I have Borago officinalis too which is much prettier and the bees love it


----------



## QOTN (Jan 3, 2014)

I have Centaurea Montana throughout my garden, a beautiful blue and if it seeds somewhere it is unwelcome, is so easy to dig up. Borage is an annual I believe. I had it once and lost it.


----------



## Lurcherlad (Jan 5, 2013)

QOTN said:


> I have Centaurea Montana throughout my garden, a beautiful blue and if it seeds somewhere it is unwelcome, is so easy to dig up. Borage is an annual I believe. I had it once and lost it.


My Borage (from free seed with a magazine) comes every year but probably from set seed 

It's just coming now - plants are about 3 inches tall


----------



## Honeys mum (Jan 11, 2013)

My smoke bush is in full flower now.

















Another Geum.


----------



## Honeys mum (Jan 11, 2013)

Some of the roses are out now.


----------



## Honeys mum (Jan 11, 2013)

Sorry, hadn't got the pics on.


----------



## Lurcherlad (Jan 5, 2013)

Beautiful roses! 

I think I've finished plant buying now for this Summer (maybe)! 

Over the weekend I bought viola, allysum, lobelia and pelargonium to fill the last few spaces.

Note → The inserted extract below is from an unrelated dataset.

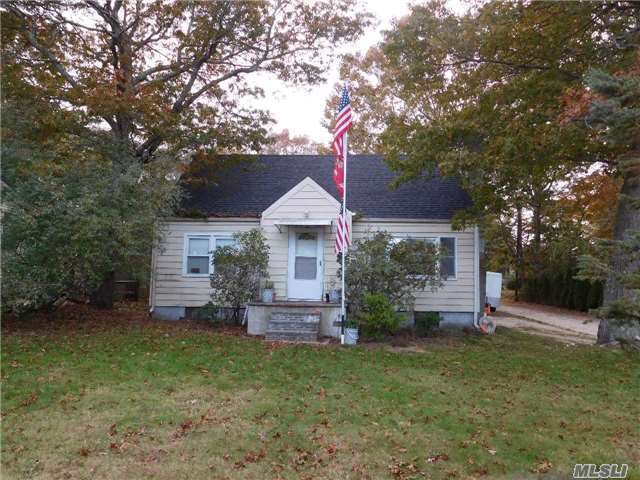 Country Cape. Needs Tlc. 5 Brs, 2 Baths, Living Room With Fireplace, Kitchen, Dining Area & Family Room. Full Basement. Detached 1 Car Garage. Deeded Water Rights.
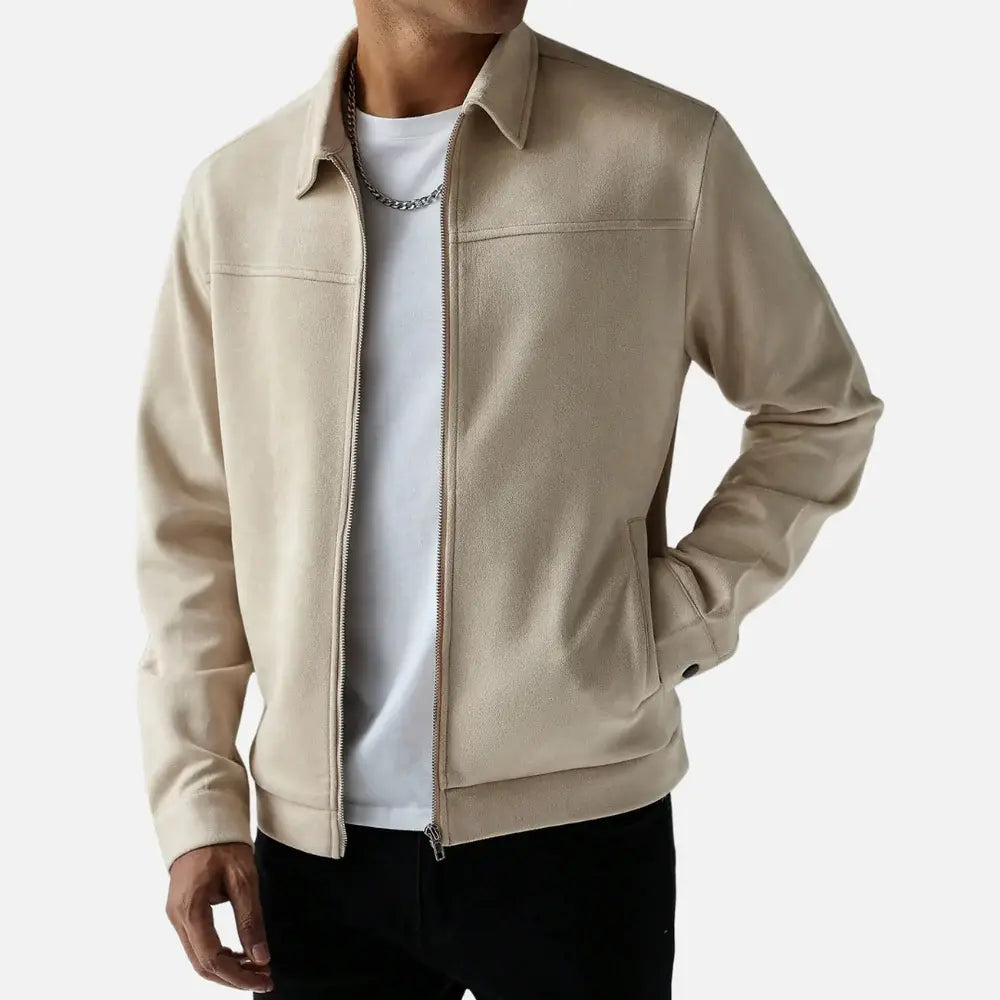 Jaqueta Masculina Casual Marcanzzi MZ026: estilo, conforto e durabilidade com fechamento em zíper. Ideal para homens sofisticados e práticos.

No more! 

I went to the nursery cos I thought I spotted some Nicotiana Sylvestris, which I love, but was mistaken  Couldn't leave empty handed though 

Must remember to do the Chelsea chop later today or tomorrow


----------



## Honeys mum (Jan 11, 2013)

Lurcherlad said:


> Couldn't leave empty handed though


I know what you mean Lurcherlad. I went to The Range this morning, just to buy a jug and came home with this.
Trying not to go to any nurseries though.


----------



## Lurcherlad (Jan 5, 2013)

Gorgeous poppies! 

Well, I don't smoke, rarely drink and I don't do drugs, so ..........


----------



## Honeys mum (Jan 11, 2013)

Lurcherlad said:


> Well, I don't smoke, rarely drink and I don't do drugs, so ..........


Same here Lurcherlad.


----------



## Honeys mum (Jan 11, 2013)

The poppies are coming out now.


----------



## wind1 (Oct 24, 2010)

These roses and poppies are beautiful. I love the yellow rose. The yellow geum is really pretty too, I love yellow flowers. My geums have not done well this year, I have one, a banana daiquiri, that has loads of healthy looking green foliage but has only had one flower. I have another that has loads of red flower heads but hardly any foliage. I only put them all in last year and they all did really well but I'm a bit disappointed this year.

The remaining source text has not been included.